5. Storage performance will be measured by consumption-based SLA metrics

For years, storage vendors have competed on throughput, IOPS, and latency benchmarks. That era is ending. AI workloads, regulatory oversight, and sustainability mandates are forcing a shift from raw performance to measurable business outcomes.

By 2026, success will be defined through consumption-based SLA metrics that tie infrastructure behavior directly to value, such as:

  • Time to clean restore after a cyber event
  • GPU utilization per dollar of storage spend
  • Energy consumed per terabyte retained

These metrics move the conversation from “how fast” to “how effectively.” They quantify what really matters: resilience, efficiency, and cost transparency.

To stay relevant, storage vendors will need to embed telemetry, observability, and automated reporting into the fabric of their platforms so that these measurements can be captured and verified natively.

By 2026, storage will be judged not by peak speed, but by how intelligently it converts performance into provable results.

And as measurement becomes the new mandate, one principle will define the leaders: the ability to move data freely, securely, and on their own terms.

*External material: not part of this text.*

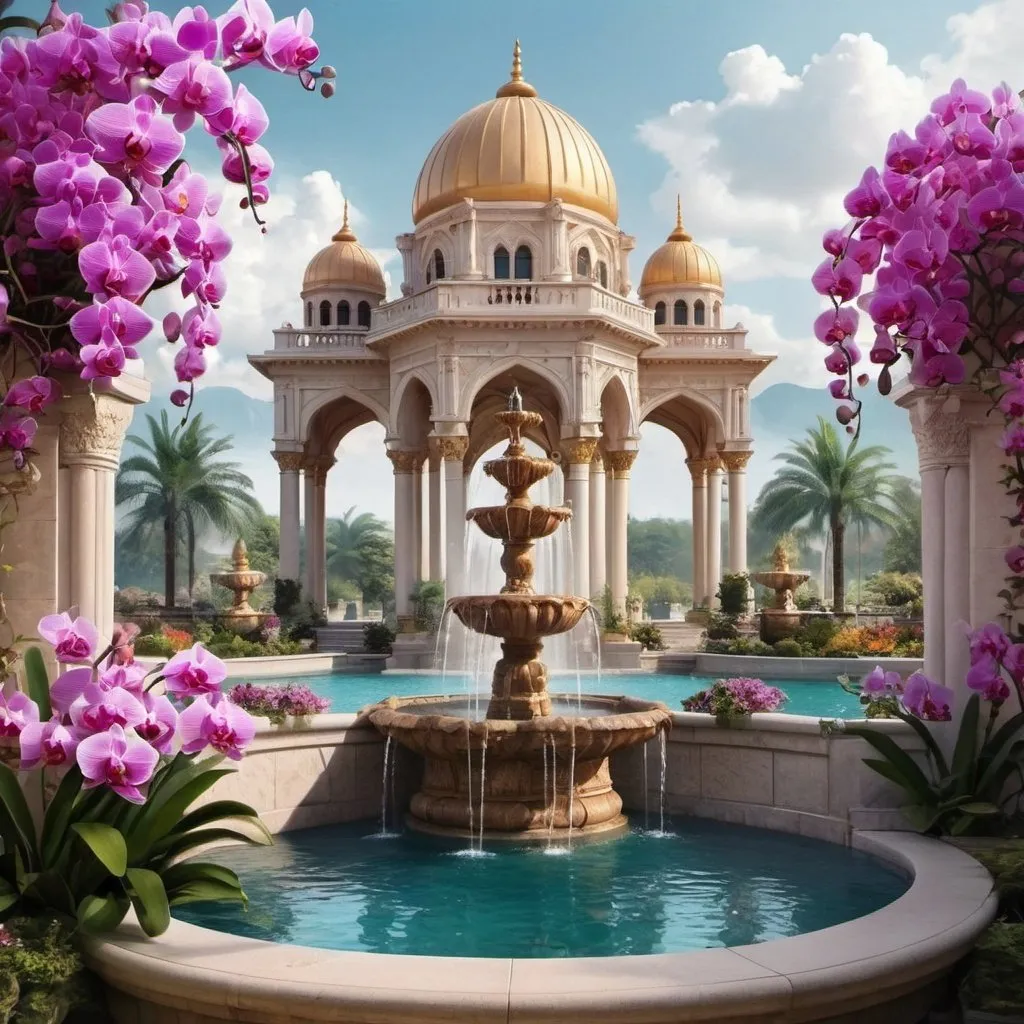 Prompt:  a beautiful garden with flowers and a fountain, beautiful fantasy art, orchid, the grand temple of flowers, ilustration, royal photo, good morning, beautiful fantasy, arabian features, cloud palace, dreamland, my home, beautiful aesthetic design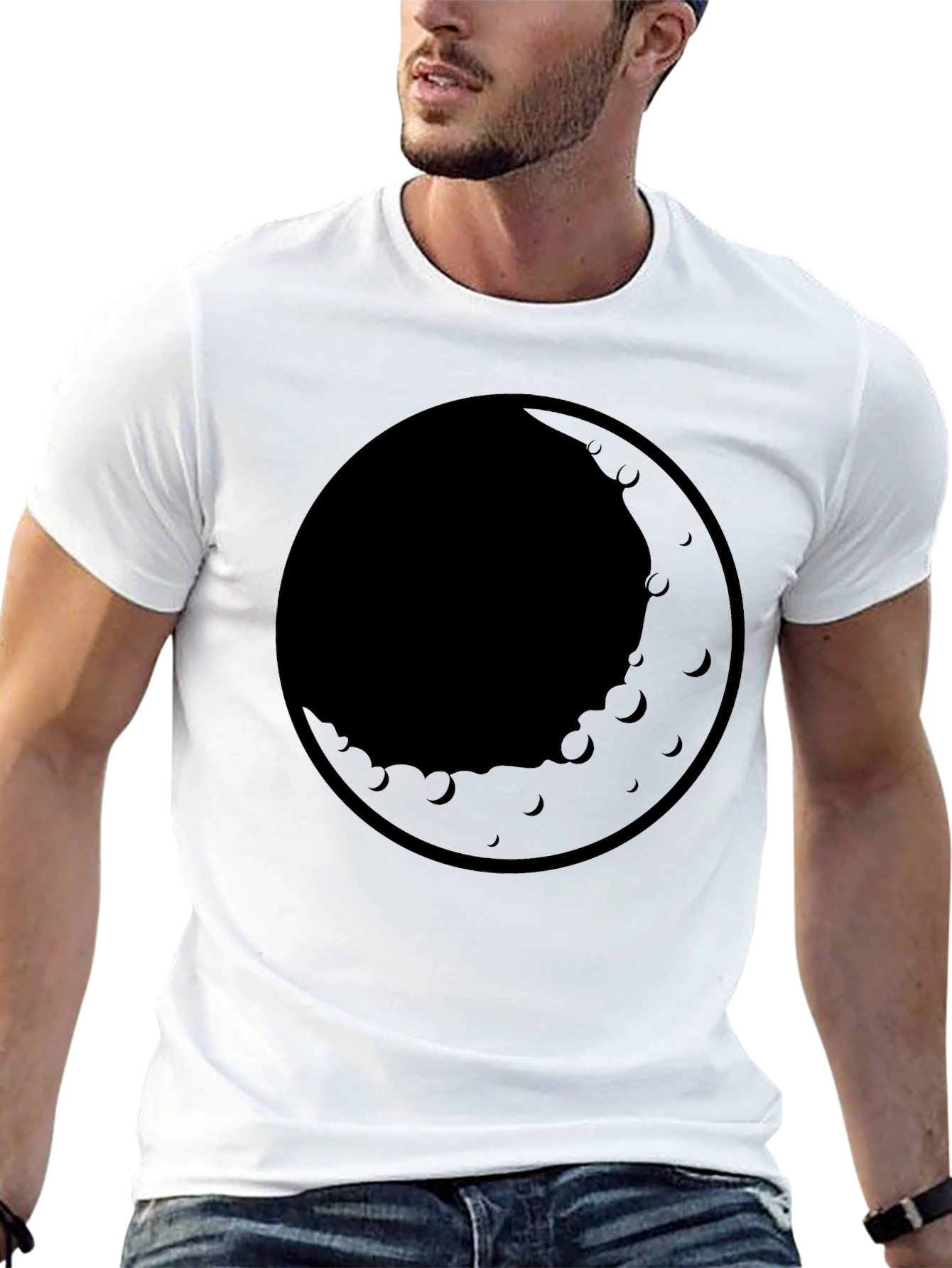 Black Men's Black Moon Graphic T-Shirt view 13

6. Data freedom will become a legal and competitive requirement

The EU Data Act is poised to make data freedom a legal and operational requirement, forcing enterprises to rethink how they manage and move information.

That shift will end the era of vendor-defined silos. Enterprises will demand open data contracts, interoperable APIs, and standardized metadata semantics to move information seamlessly across hyperscale, on-premises, and sovereign environments.

Storage platforms will have to evolve fast to connect ecosystems without compromising compliance. Next-generation architectures will build in native replication, policy-based data movement, and cross-cloud federation by design.

Underneath it all lies a new architectural requirement: a global namespace that preserves object identity and context wherever data resides. Version control, unified metadata, and lifecycle automation will act as safeguards against “data drift,” maintaining integrity as data travels.

By the end of 2026, the benchmark of leadership in cloud storage will be proof of data freedom — the ability to move, share, and integrate data anywhere, without rewriting applications or surrendering control.

But as freedom and interoperability expand, so will scrutiny.

7. Cyber resilience will become a regulated, auditable standard of trust

By 2026, cyber resilience will become a verifiable condition for doing business. New regulations like the SEC cybersecurity rules and the EU’s NIS2 directive will require organizations to prove recoverability, not just report incidents.

At the same time, cyber insurers will tighten underwriting, embedding technical audits that demand evidence storage and recovery controls actually work.

Storage infrastructure will sit at the center of this new accountability model. To stay compliant and insurable, enterprises will adopt immutable storage by default, cryptographically verifiable retention, and automated recovery validation. Features like object lock, versioning, and tamper-proof logs will move from “nice-to-have” to mandatory proof of data integrity.

As insurers codify resilience benchmarks, architectures will converge around verifiable resilience — immutable object stores for long-term protection, fast recovery tiers for business continuity, and audit-ready metadata for claims validation.

In 2026, cyber resilience will determine who gets insured, who stays compliant, and who customers ultimately trust.

Why accountability is the unifying force across 2026 data infrastructure trends

Across every prediction runs a shared theme: accountability, the defining principle of next-generation AI-ready data infrastructure.

Whether through token economics, data pipelines, or verifiable cyber resilience audits, 2026 will reward organizations that can prove the integrity, efficiency, and trustworthiness of their data operations.Storage may have started as the silent partner in infrastructure, but as AI, compliance, and cyber risk reshape the enterprise, it’s becoming the new control point for enterprise trust and efficiency. In 2026, accountability will be the defining metric of progress, and storage will be where it’s measured.